Through the FEMA Public Assistance program, the federal government commits to covering 75 percent of the cost of rebuilding schools and other public institutions like hospitals following floods, tornadoes, and other storms.
With the new policy, schools can now include in their reimbursement requests the cost of solar panels, geothermal heat pumps, and other modern systems designed to improve sustainability. Schools can take advantage of this funding opportunity for any disaster declared after Aug. 16, 2022, the agency said.
The goals of the policy, according to the agency, include offering incentives for schools to help with the nationwide effort to dramatically reduce greenhouse gas emissions.
Schools and other facilities that install energy-producing systems can stay open and even provide power to surrounding communities in the event of an electrical outage, said Tish Tablan, senior program director at Generation180, an advocacy nonprofit that promotes clean energy adoption.
The Santa Barbara district in California, for instance, experienced wildfires and mudslides in 2018 that forced schools to temporarily serve as emergency shelters.

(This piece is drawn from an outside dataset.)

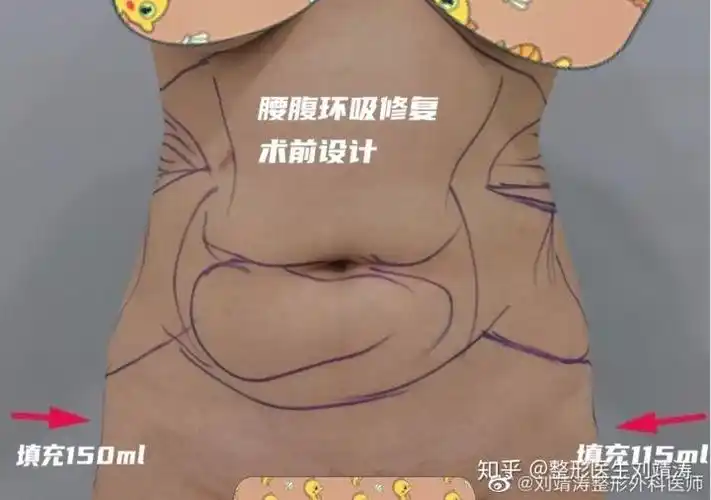 腰腹环吸手术的折角腰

Since then, Tablan said, the district has invested in solar canopies and battery storage that will prevent future outages. A growing number of schools are investing in energy-efficient building systems or making plans to do so when existing systems fail. As of 2021, 7,332 schools nationwide had solar panels, according to Generation180.
The new federal money from FEMA is good news for schools, but may bring challenges. Districts often struggle to promptly secure FEMA funding or reimbursement even when it’s offered.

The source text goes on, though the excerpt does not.